Assign "小小火 †" to the L key,

Assign "十土于 ί" to the P key.

6. The method for encoding Chinese characters and inputting them into a computer according to claim 5, characterized in that said step 3) further comprises the steps:

For Chinese characters composed of interspersed structures, according to the intersections formed by the cross strokes in the interspersed knots, every two intersections are filled with one of the letters T, G, and B, and the rest of the intersections, and so on Until there is only one intersection and enter one of the letters P and M.

The method for encoding Chinese characters and inputting them into a computer according to claim 1, characterized in that said step 3) comprises:

If the Chinese character to be encoded is a font, it is decomposed into single strokes and small fonts.

If the Chinese character to be encoded is a single-structure Chinese character, it is decomposed into single strokes and small characters.

If the Chinese characters to be encoded are two-structure Chinese characters, two codes are taken from each of the two structures.

If the Chinese character to be encoded is a three-structure Chinese character, two codes are taken from one of the three structures, and one code is taken from each of the other two structures.

If the Chinese character to be encoded is a four-structure Chinese character, one code is taken from each of the four structures.

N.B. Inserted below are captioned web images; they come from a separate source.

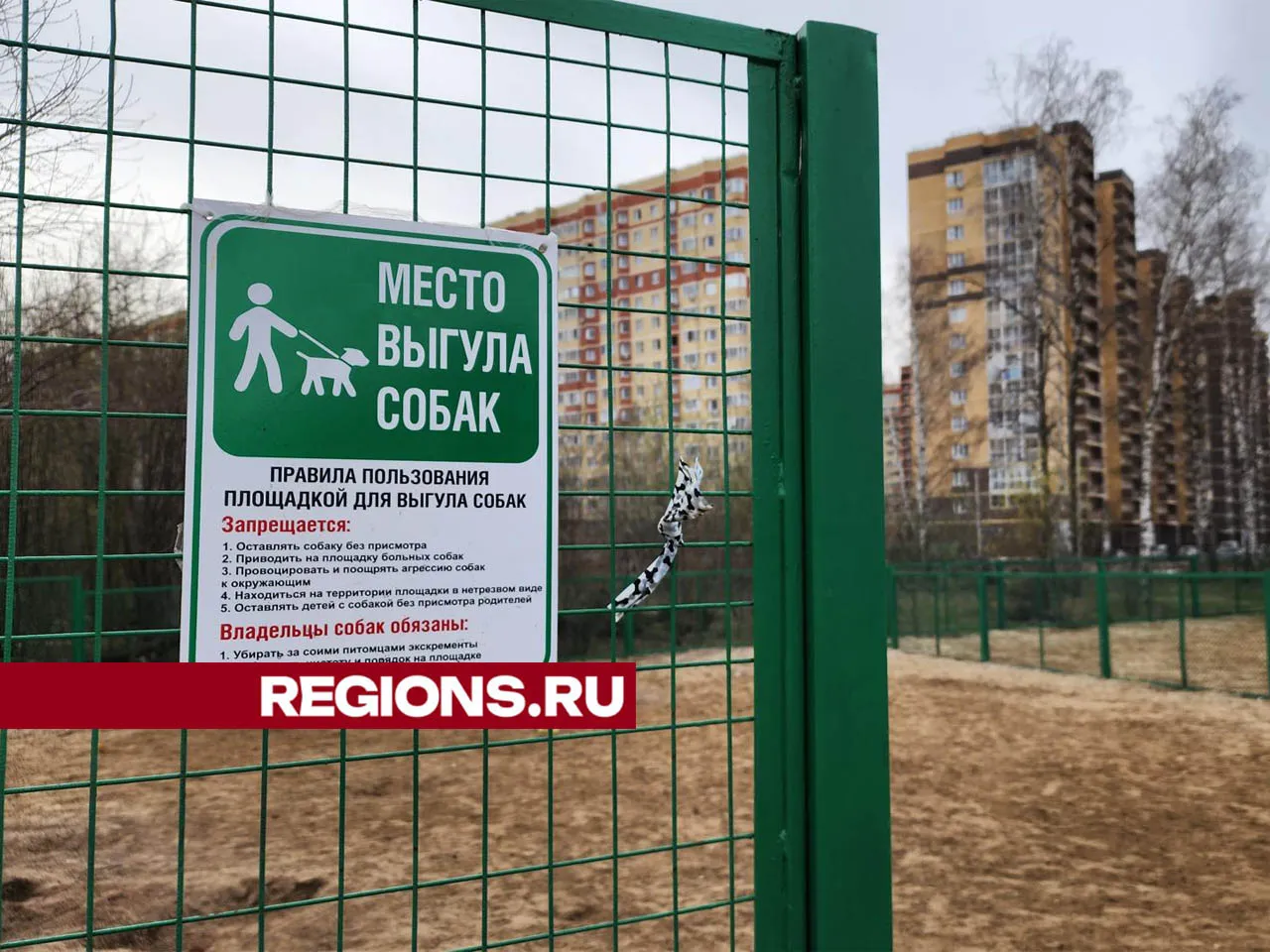 Фото: Валерия Тингаева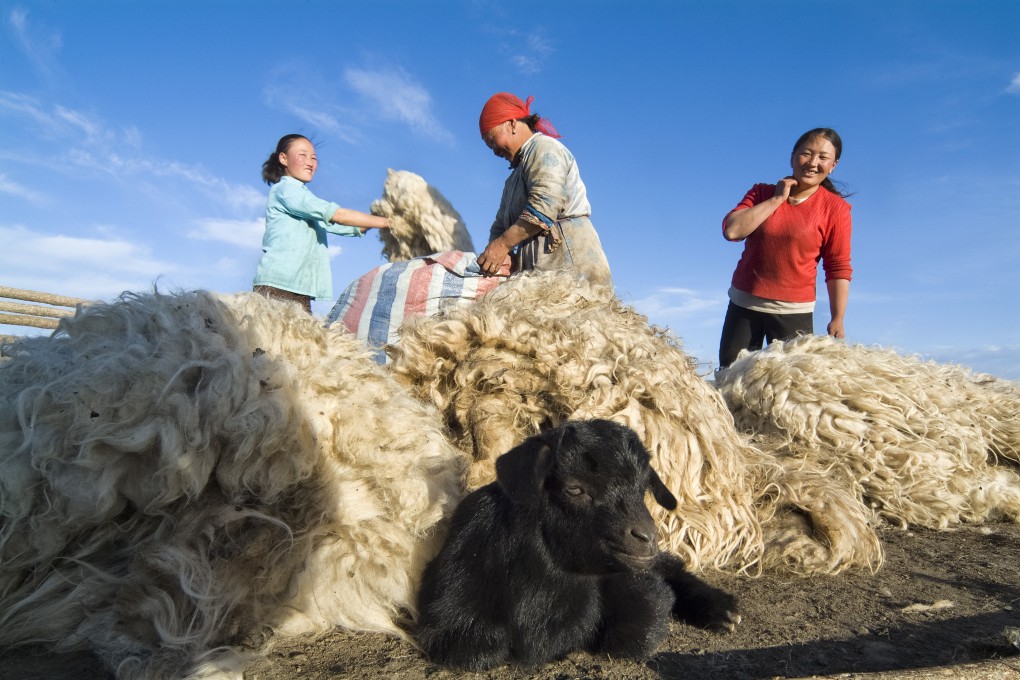A nomadic herder family shears sheep and combs goats for cashmere in Mongolia's central grasslands. Photo: Zigor Aldama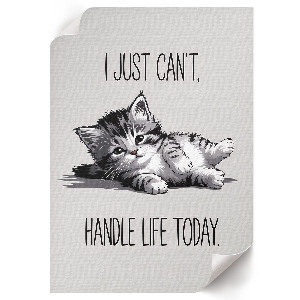 Adorable kitty poster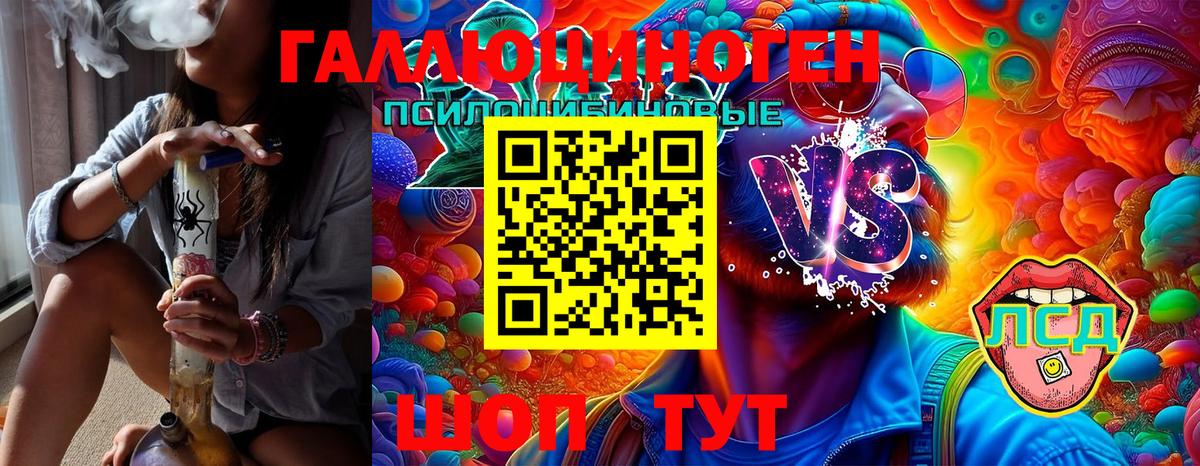 Псилоцибиновые грибы Magic Shrooms  где можно купить   Топки  Вход с VPN 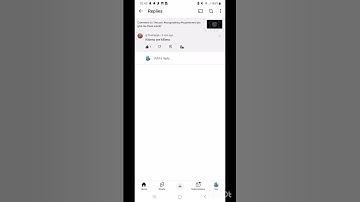 kittens are killers #music #audio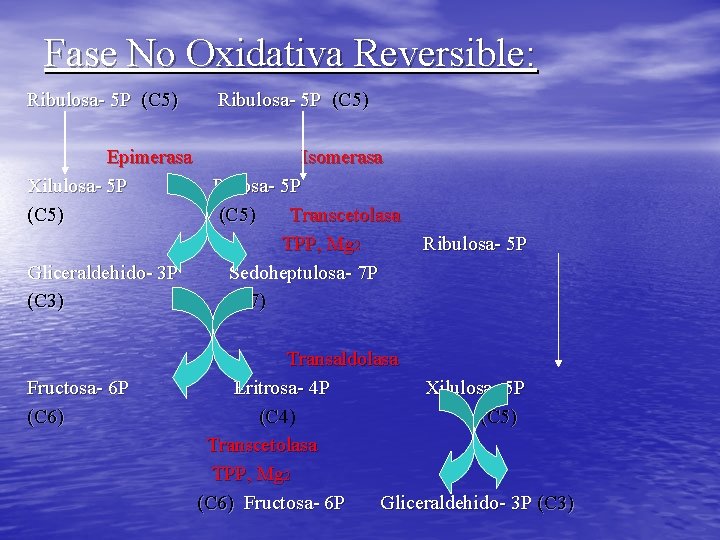 Fase No Oxidativa Reversible: Ribulosa- 5 P (C 5) Epimerasa Xilulosa- 5 P (C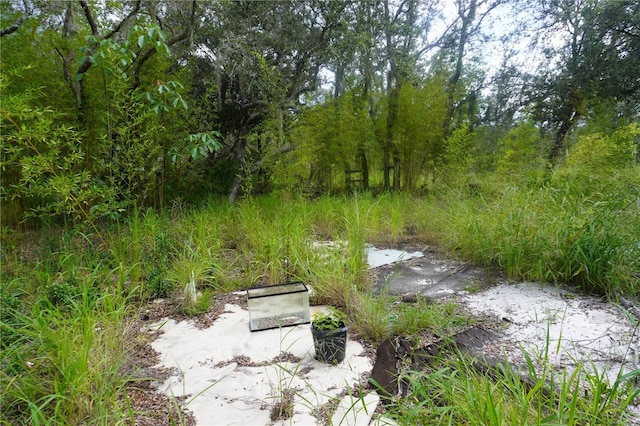 0 Woodville St, Lake Wales, FL 33853 - photo 39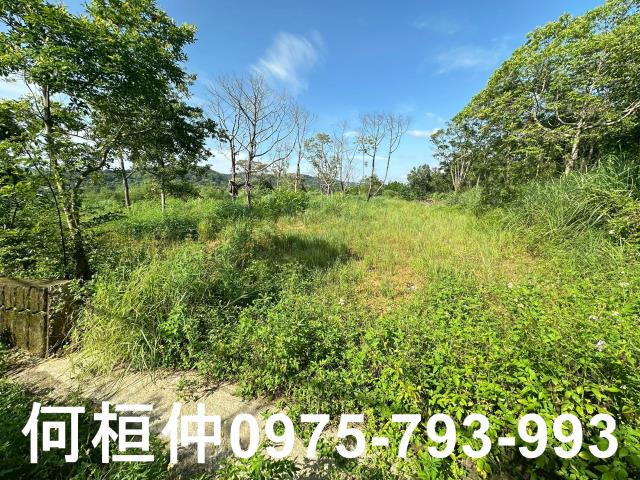 新竹新埔農地-1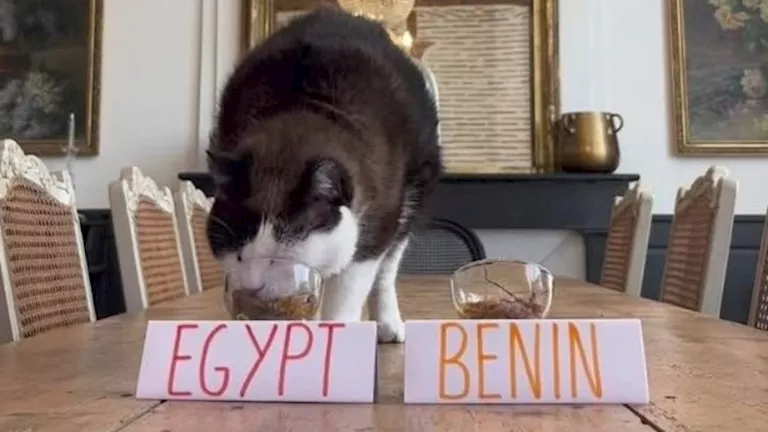 سقوط «نبوءة نيمبوس»… مصر تقصي كوت ديفوار وتبلغ نصف نهائي أمم أفريقيا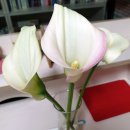 화림농장 이미지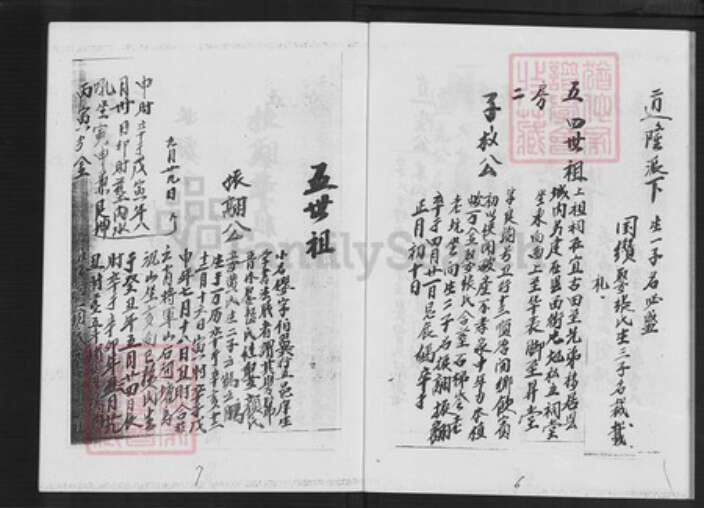 福建省漳州市平和县大溪镇陈氏树德堂族谱-颍川陈氏族谱.pdf电子版预览图4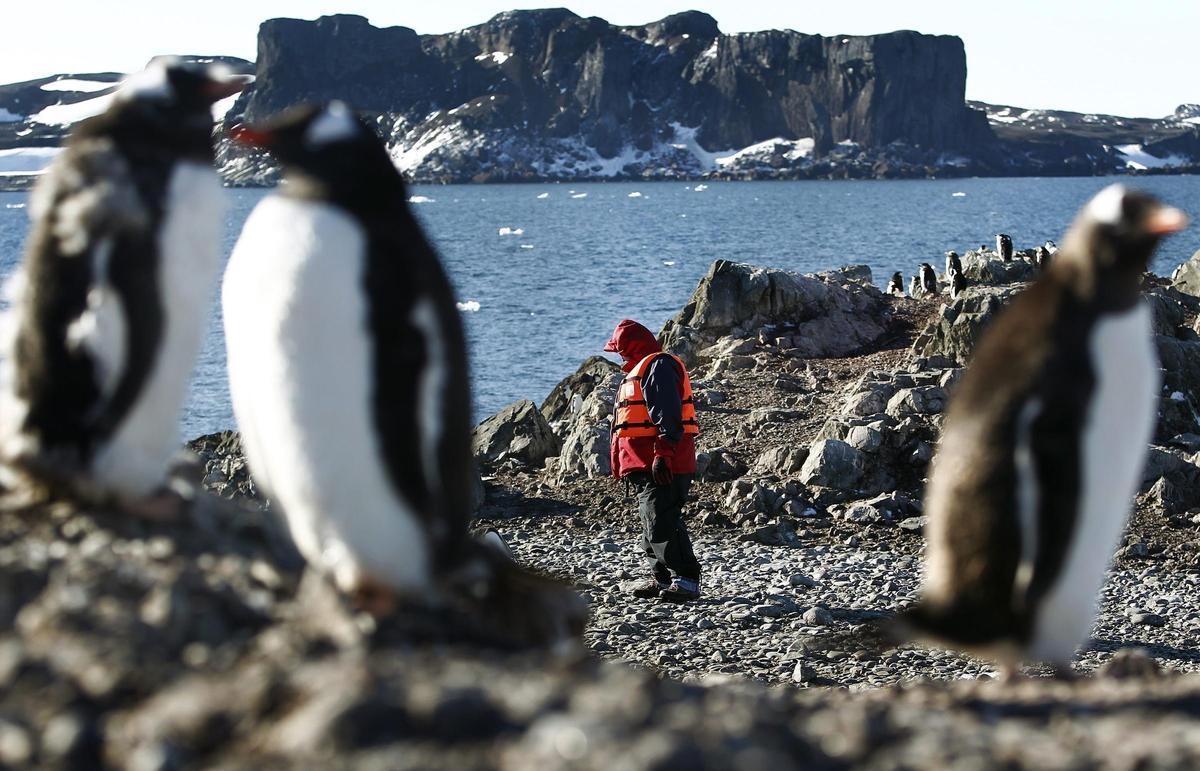 El estudio participado por la USC revela que las aves marinas actúan como vectores biológicos, transfiriendo contaminantes del mar a los ecosistemas terrestres antárticos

If the Chinese character to be encoded is a Chinese character with more than four structures, one code is taken from each of the first three structures, and one code is taken from the last knot.

13. The method for encoding Chinese characters and inputting them into a computer according to any one of claims 2, 5, 7 to 12, further comprising the following steps:

When the Chinese character to be encoded is a traditional Chinese character:

Group the word "exempt" into the second group,

Divide the word "言" into the third group,

Group the word "?" Into said group 4,

Divide the word ". ¾" into the 7th group,

Divide the word "gold" into said group 8,

Divide the word "食" into the eighth group,

Divide the word "^" into the 7th group,

The wording "++" is assigned to the 9th group.